Schematic view of the RMA during a hysteresis loop along the magnetic hard axis where the magnetization reversal takes place via a stepwise rotation of $\vec{M}$. Due to the relaxation times of class II grains in the AF there is a misalignment between RMA and $\vec{M}$.

Figure 8

(a) $H_{\mathrm{EB}}$ and (b) $H_{\mathrm{C}}$ as a function of angle (black symbols) of a system of ${\text{Cu}}^{50\mathrm{nm}}/{\text{Ir}}_{17}{\text{Mn}}_{83}^{30\mathrm{nm}}/{\text{Co}}_{70}{\text{Fe}}_{30}^{15\mathrm{nm}}/{\text{Si}}^{20\mathrm{nm}}$. The dashed line (green) corresponds to numerical calculations based on Eq. (7) using a resolution of $0.5^{\circ }$ for ${\beta }_{\mathrm{F}}$. Material parameters used can be found in Table 2. The red line corresponds to a numerical calculation based on Eq. (8) using the same parameters.

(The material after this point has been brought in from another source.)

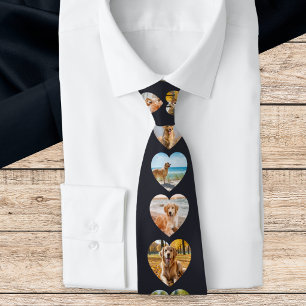 Pet Dog 6-Photo Collage Heart Frames Animal Lover Tie
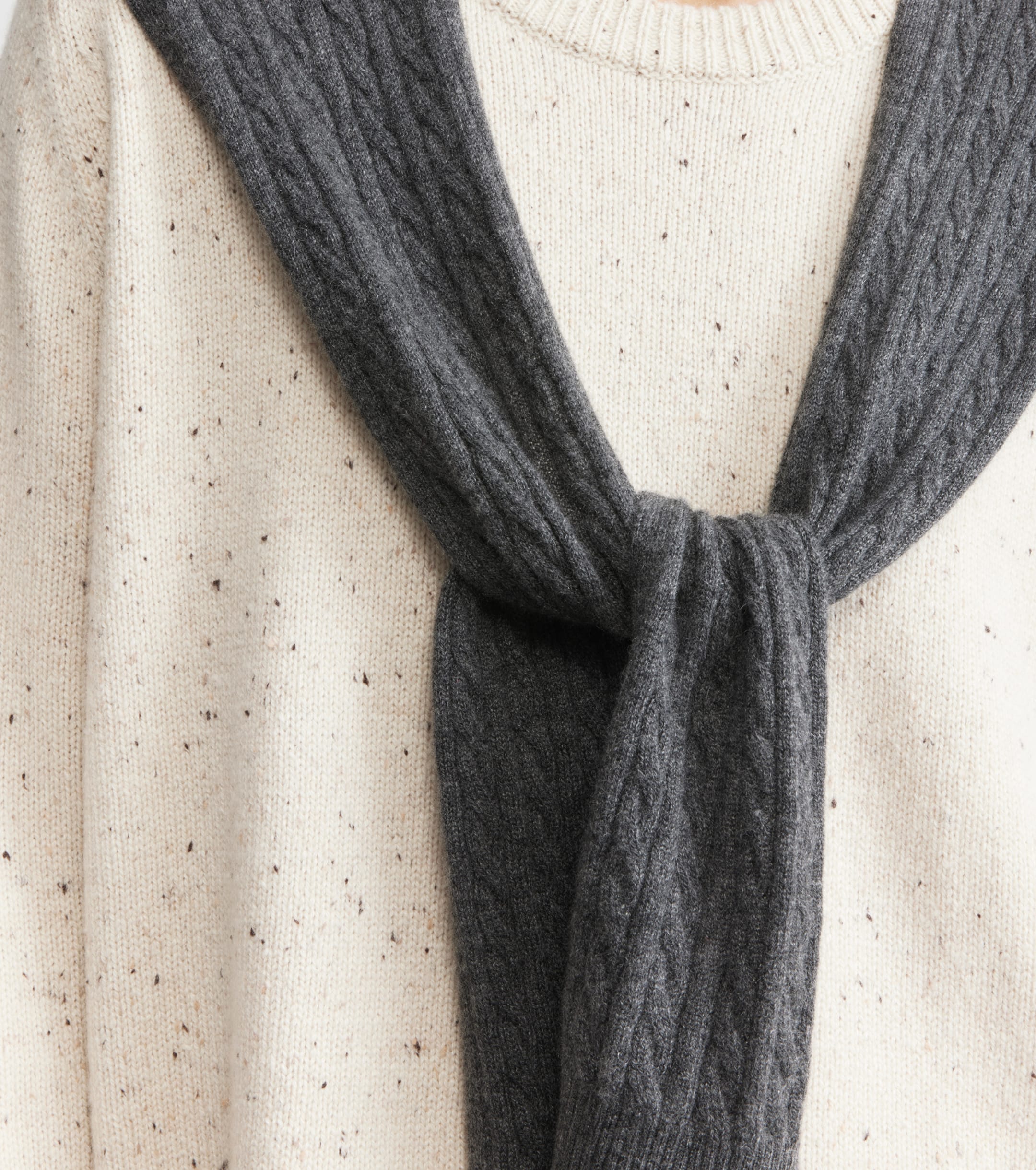 Cashmere Cable Sweater Scarf - Graphite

For $H_{\mathrm{C}}$ there is almost no difference for both calculations.

Figure 9

(a) $H_{\mathrm{EB}}$ and (b) $H_{\mathrm{C}}$ as a function of angle of a system of ${\text{Cu}}^{50\mathrm{nm}}/{\text{Ir}}_{17}{\text{Mn}}_{83}^{30\mathrm{nm}}/{\text{Co}}_{70}{\text{Fe}}_{30}^{15\mathrm{nm}}/{\text{Si}}^{20\mathrm{nm}}$ for different measurement times of the magnetization curves $t_{\mathrm{H}}$.

Figure 10

Minimum of the relation $H_{\mathrm{C}}\left({\phi }_{\mathrm{ext}}\right)$ for different $t_{\mathrm{H}}$. The error corresponds to the uncertainty in the determination of $H_{\mathrm{C}}$. The line is serving as a guide to the eye.